EXERCISE INSTRUCTIONS:
Quote, without any change, the line that contains "彩客网优惠活动全攻略：最新福利解析与新人必看指南" and all lines that follow it to the end of the data below.

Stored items
________________

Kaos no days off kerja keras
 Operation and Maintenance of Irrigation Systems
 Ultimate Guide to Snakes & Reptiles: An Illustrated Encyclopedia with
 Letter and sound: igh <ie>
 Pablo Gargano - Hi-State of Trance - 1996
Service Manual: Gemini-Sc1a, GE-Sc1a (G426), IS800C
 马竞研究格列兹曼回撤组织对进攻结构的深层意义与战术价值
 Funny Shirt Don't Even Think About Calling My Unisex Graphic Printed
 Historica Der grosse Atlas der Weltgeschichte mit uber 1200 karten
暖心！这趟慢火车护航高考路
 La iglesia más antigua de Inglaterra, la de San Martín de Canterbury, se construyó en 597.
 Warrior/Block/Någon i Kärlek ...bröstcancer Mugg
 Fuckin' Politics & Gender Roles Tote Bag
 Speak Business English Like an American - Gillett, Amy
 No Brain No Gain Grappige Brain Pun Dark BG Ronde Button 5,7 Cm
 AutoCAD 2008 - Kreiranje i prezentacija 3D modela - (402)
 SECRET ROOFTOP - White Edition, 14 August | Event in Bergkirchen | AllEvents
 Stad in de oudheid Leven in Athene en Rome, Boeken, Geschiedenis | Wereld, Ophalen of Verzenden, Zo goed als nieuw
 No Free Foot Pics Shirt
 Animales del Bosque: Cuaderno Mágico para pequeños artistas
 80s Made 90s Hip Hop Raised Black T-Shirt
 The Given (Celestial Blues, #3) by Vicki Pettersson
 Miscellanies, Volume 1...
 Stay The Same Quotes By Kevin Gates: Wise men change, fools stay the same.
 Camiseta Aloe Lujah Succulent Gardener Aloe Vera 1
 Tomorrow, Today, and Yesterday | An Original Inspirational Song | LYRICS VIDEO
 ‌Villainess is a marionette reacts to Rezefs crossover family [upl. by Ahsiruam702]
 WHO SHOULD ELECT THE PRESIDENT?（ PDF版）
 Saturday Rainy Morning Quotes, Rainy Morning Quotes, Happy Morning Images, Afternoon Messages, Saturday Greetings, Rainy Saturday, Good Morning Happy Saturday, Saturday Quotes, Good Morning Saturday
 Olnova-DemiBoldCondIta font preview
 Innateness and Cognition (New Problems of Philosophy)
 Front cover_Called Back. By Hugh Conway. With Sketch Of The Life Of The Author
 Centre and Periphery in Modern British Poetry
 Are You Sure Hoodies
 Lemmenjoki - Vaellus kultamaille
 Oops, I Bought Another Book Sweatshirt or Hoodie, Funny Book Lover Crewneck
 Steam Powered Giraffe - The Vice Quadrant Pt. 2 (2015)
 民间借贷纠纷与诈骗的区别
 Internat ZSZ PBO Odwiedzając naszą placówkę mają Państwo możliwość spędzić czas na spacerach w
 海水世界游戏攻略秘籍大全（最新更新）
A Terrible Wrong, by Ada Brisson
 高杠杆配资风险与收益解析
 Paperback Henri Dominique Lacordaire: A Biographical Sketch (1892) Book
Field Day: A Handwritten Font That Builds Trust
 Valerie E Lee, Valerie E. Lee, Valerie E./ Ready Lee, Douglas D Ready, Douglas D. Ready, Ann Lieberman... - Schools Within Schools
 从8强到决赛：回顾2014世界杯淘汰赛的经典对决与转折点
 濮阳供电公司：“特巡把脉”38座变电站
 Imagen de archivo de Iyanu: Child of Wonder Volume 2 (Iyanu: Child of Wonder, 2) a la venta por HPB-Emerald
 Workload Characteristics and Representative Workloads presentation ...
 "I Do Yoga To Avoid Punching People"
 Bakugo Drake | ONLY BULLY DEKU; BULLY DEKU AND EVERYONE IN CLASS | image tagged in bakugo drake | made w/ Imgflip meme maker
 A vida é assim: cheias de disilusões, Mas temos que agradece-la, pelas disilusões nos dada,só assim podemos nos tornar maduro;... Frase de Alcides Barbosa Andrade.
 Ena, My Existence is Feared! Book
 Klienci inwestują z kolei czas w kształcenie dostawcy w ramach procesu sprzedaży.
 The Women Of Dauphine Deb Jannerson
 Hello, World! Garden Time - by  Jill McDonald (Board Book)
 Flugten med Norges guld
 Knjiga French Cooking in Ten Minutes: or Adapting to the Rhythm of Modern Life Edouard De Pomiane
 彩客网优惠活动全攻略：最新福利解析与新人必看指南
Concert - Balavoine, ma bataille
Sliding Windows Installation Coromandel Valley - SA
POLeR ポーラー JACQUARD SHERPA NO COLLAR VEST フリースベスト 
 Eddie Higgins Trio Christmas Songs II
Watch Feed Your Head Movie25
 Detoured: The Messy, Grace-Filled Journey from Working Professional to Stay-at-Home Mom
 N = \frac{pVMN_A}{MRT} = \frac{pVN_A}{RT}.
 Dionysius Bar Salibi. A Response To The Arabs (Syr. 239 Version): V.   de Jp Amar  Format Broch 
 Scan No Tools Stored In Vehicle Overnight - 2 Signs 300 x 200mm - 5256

________________

SOLUTION TO THIS TASK:
 彩客网优惠活动全攻略：最新福利解析与新人必看指南
Concert - Balavoine, ma bataille
Sliding Windows Installation Coromandel Valley - SA
POLeR ポーラー JACQUARD SHERPA NO COLLAR VEST フリースベスト 
 Eddie Higgins Trio Christmas Songs II
Watch Feed Your Head Movie25
 Detoured: The Messy, Grace-Filled Journey from Working Professional to Stay-at-Home Mom
 N = \frac{pVMN_A}{MRT} = \frac{pVN_A}{RT}.
 Dionysius Bar Salibi. A Response To The Arabs (Syr. 239 Version): V.   de Jp Amar  Format Broch 
 Scan No Tools Stored In Vehicle Overnight - 2 Signs 300 x 200mm - 5256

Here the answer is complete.